[COLLECTED MATERIAL Boundary: Start]
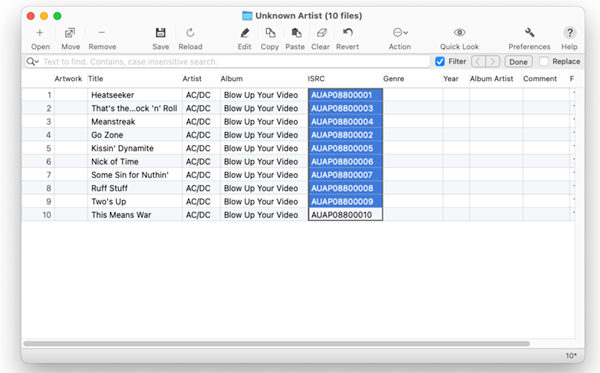Tag Editor for Mac - ISRC imported from online databases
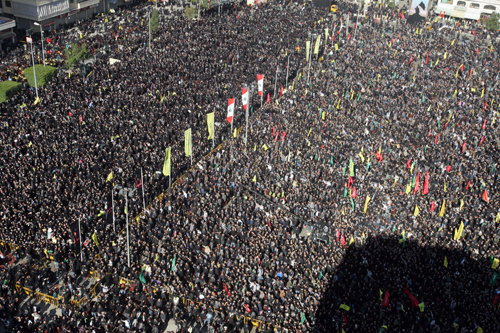 Cientos de miles participaron en la manifestaci&oacuten de Ashura en el suburbio de Beirut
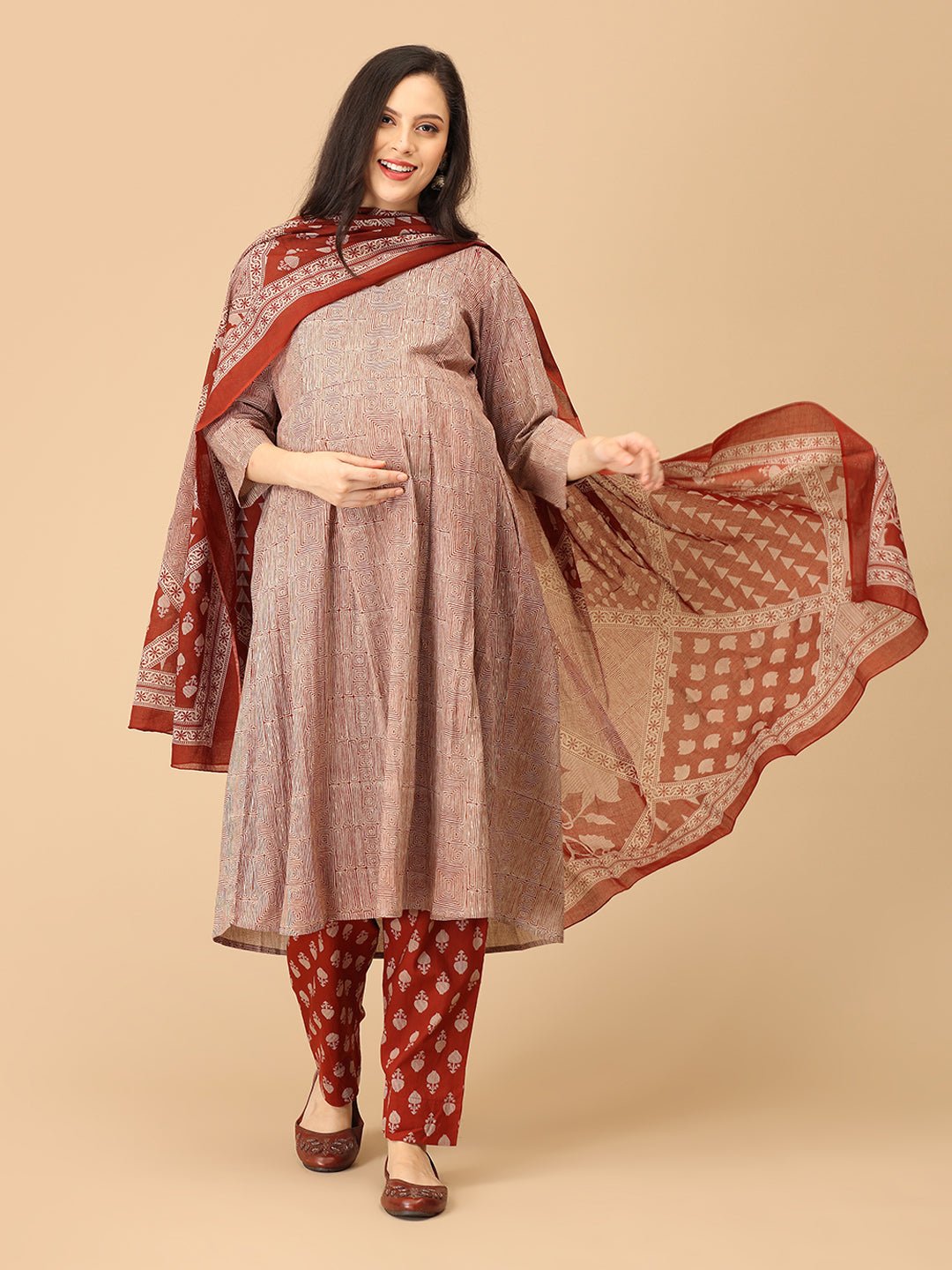 Rust Me Not Maternity and Nursing Kurta Set With Dupatta - MEW - SK - RSMN - S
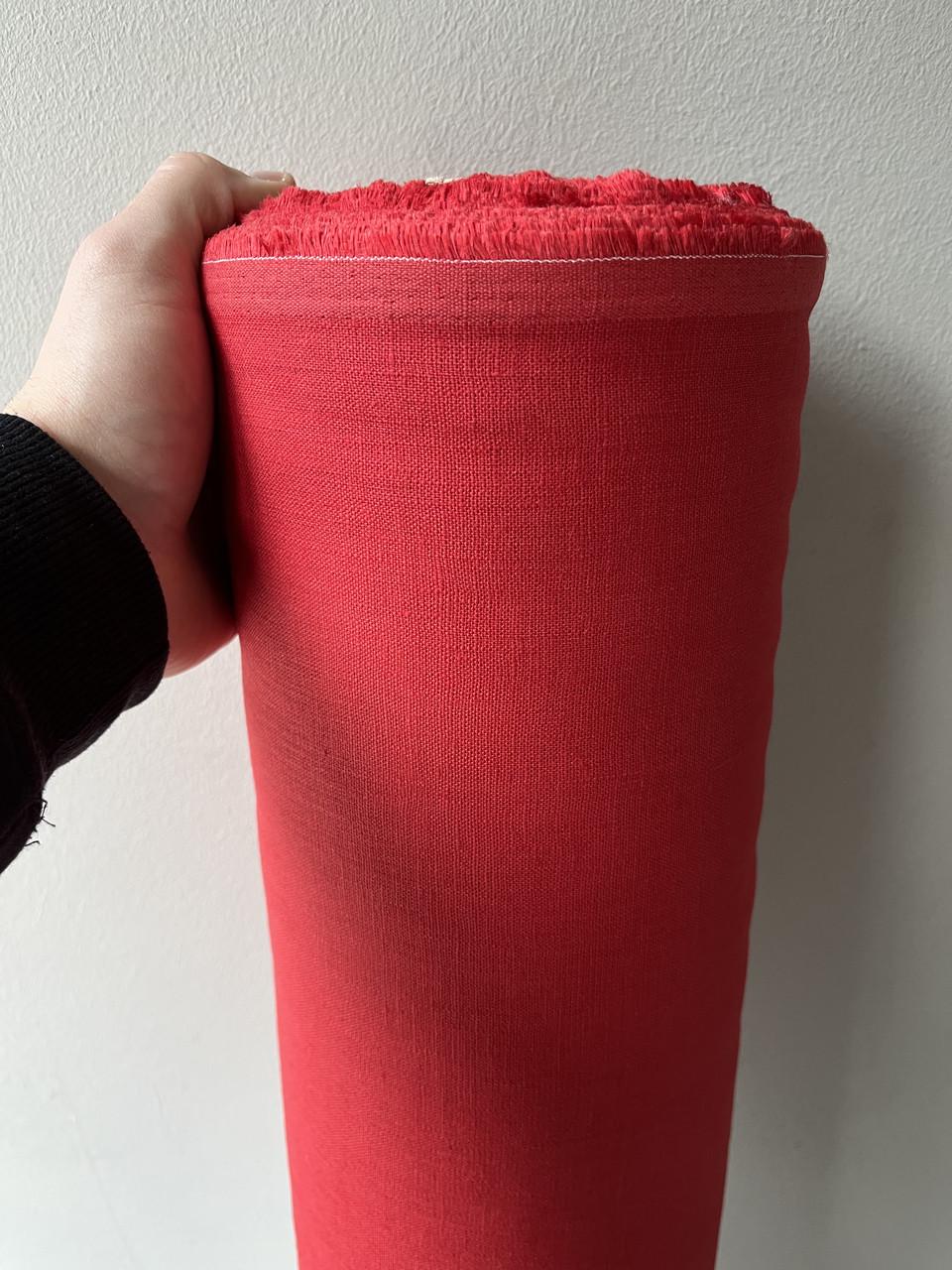 Ткань скатертная LINEN PLUS 100% лен 143 см 1309 Красный - фото 6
[COLLECTED MATERIAL Boundary: End]
TASK TO COMPLETE - Each line above is to be copied verbatim. Drop any image from the copy.

RESPONSE FOR THIS EXERCISE -
Tag Editor for Mac - ISRC imported from online databases
 Cientos de miles participaron en la manifestaci&oacuten de Ashura en el suburbio de Beirut
 Rust Me Not Maternity and Nursing Kurta Set With Dupatta - MEW - SK - RSMN - S
 Ткань скатертная LINEN PLUS 100% лен 143 см 1309 Красный - фото 6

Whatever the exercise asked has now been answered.